▶ **Instructions to follow**:
Your task is to reproduce, verbatim and without pictures, the lines from the opening of the listing through the line containing "Трансграничное новое дикое".

▶ **Record excerpts**:
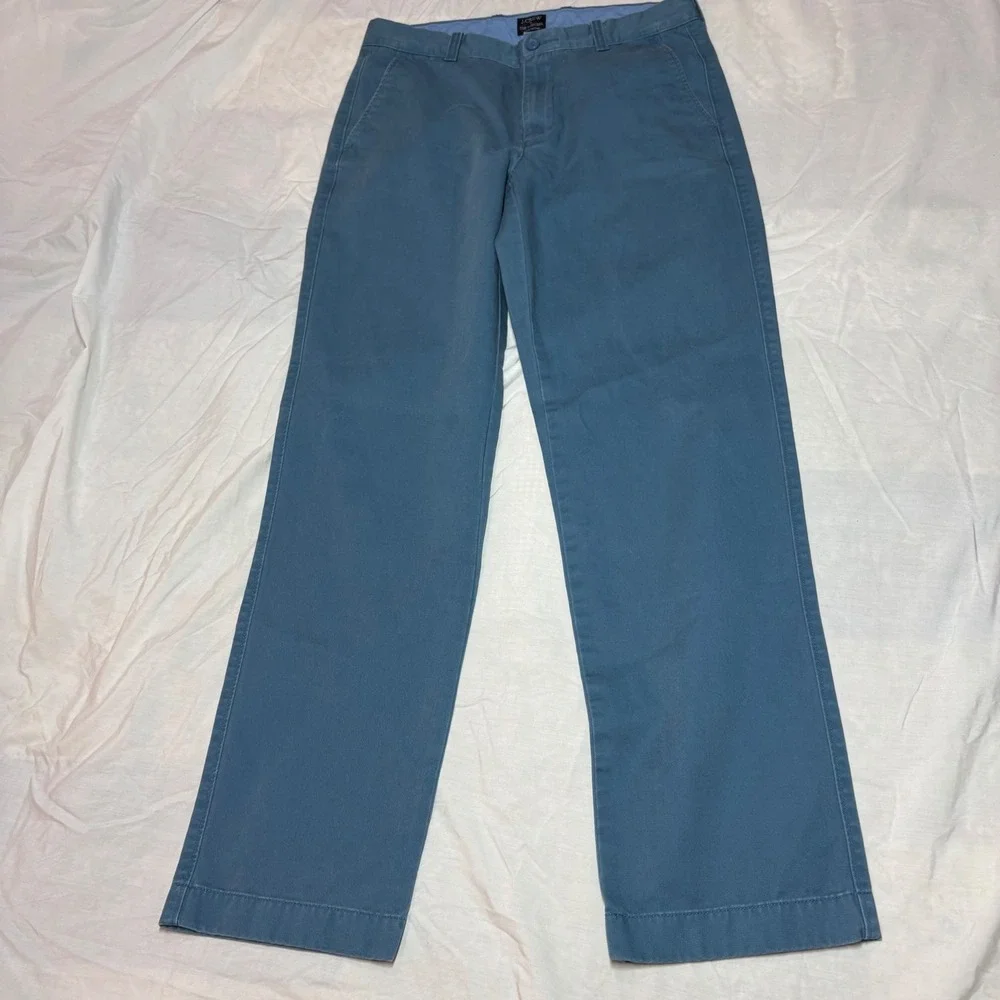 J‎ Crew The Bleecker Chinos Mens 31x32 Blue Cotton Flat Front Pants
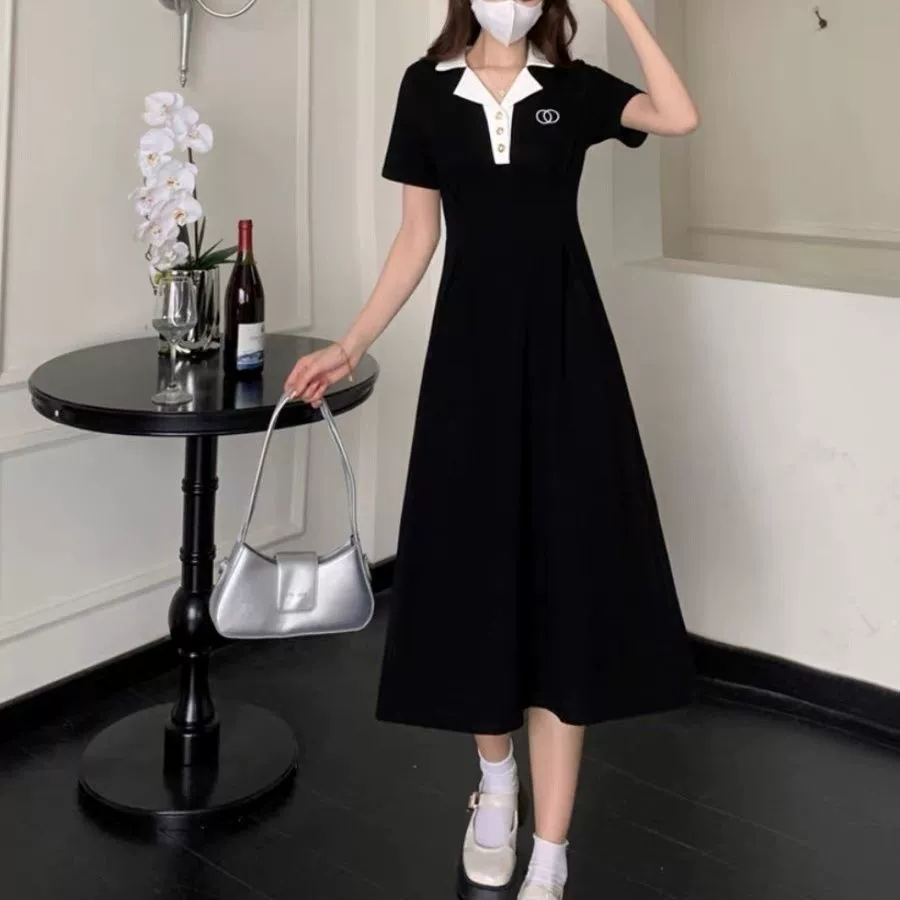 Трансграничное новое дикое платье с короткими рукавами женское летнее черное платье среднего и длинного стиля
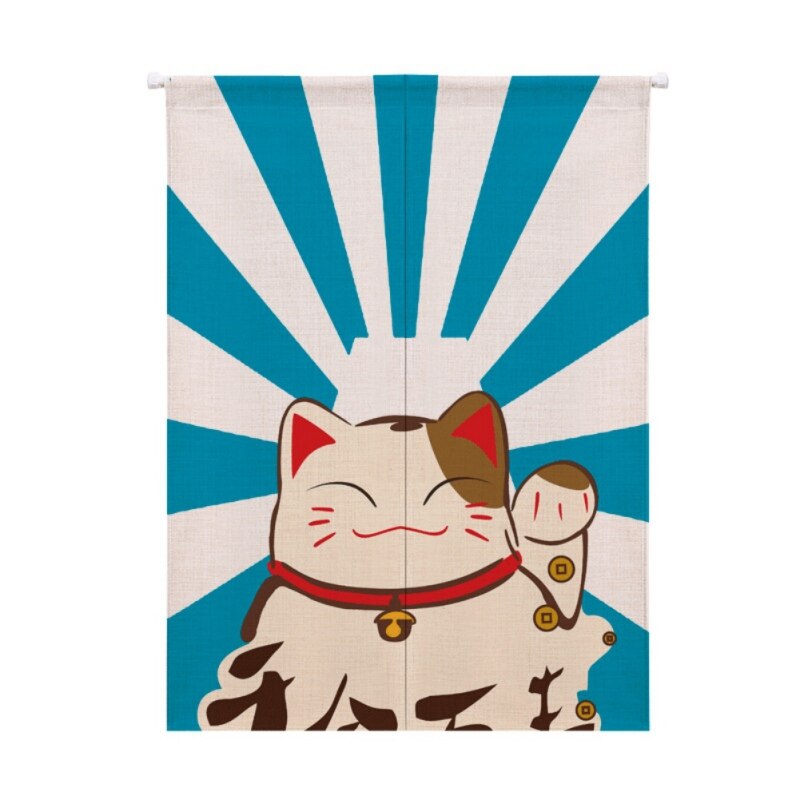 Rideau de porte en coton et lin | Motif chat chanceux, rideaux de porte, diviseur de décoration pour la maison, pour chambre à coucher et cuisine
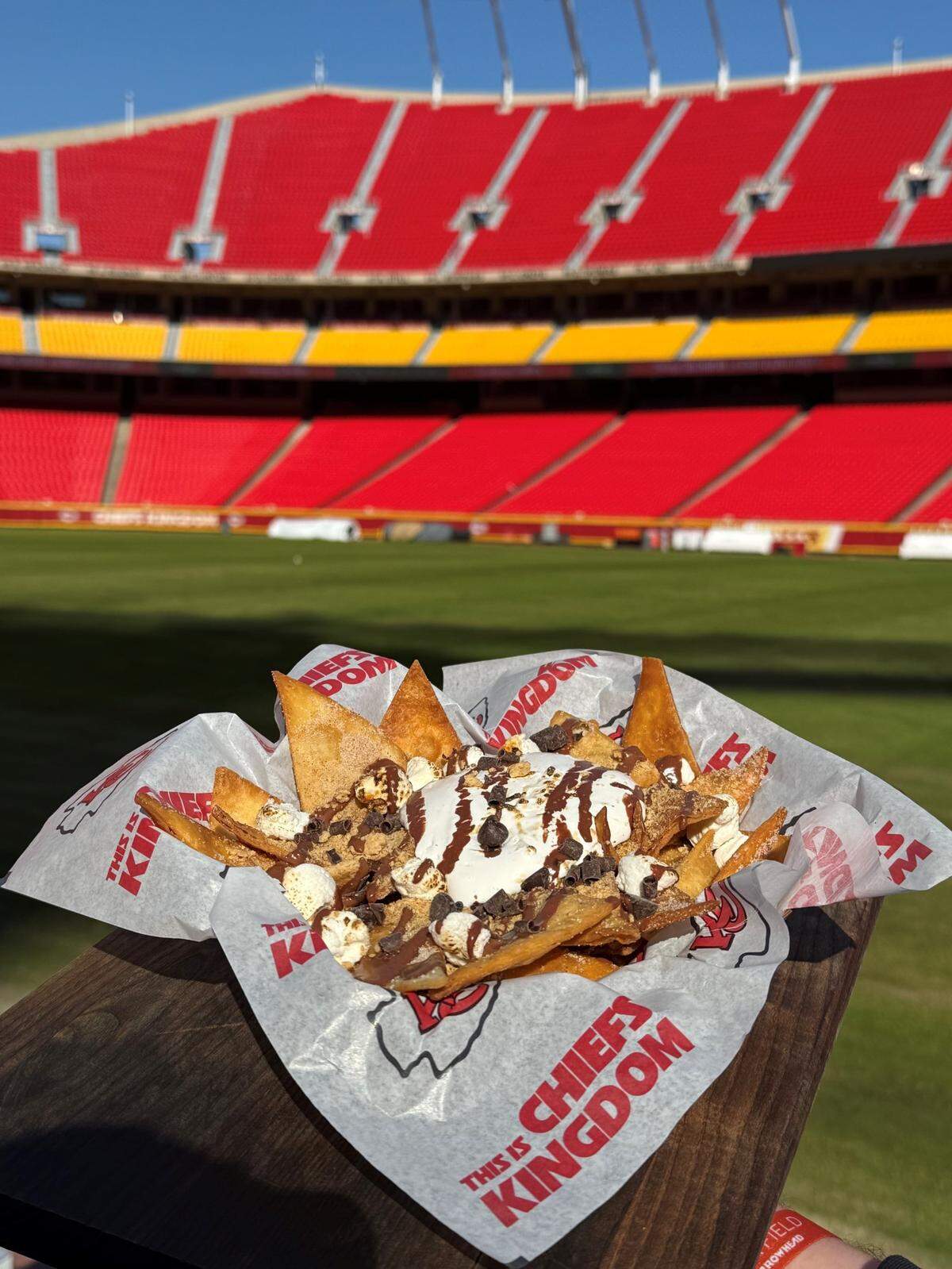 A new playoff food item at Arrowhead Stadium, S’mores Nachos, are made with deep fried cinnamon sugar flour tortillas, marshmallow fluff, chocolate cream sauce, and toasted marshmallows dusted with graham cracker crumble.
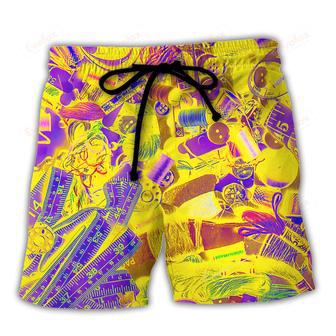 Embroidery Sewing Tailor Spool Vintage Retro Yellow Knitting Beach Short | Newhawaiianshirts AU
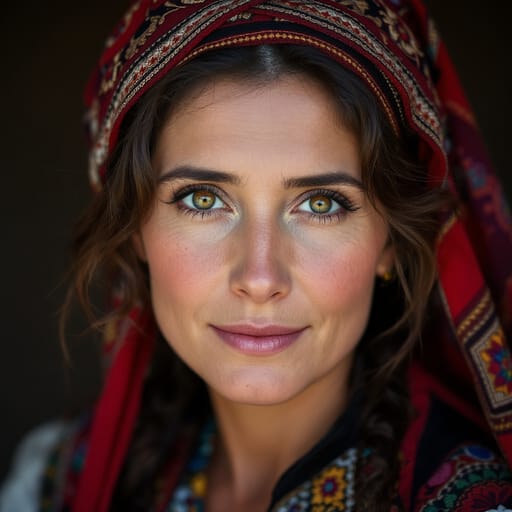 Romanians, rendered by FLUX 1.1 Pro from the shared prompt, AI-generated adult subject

▶ **Written solution**:
 J‎ Crew The Bleecker Chinos Mens 31x32 Blue Cotton Flat Front Pants
 Трансграничное новое дикое платье с короткими рукавами женское летнее черное платье среднего и длинного стиля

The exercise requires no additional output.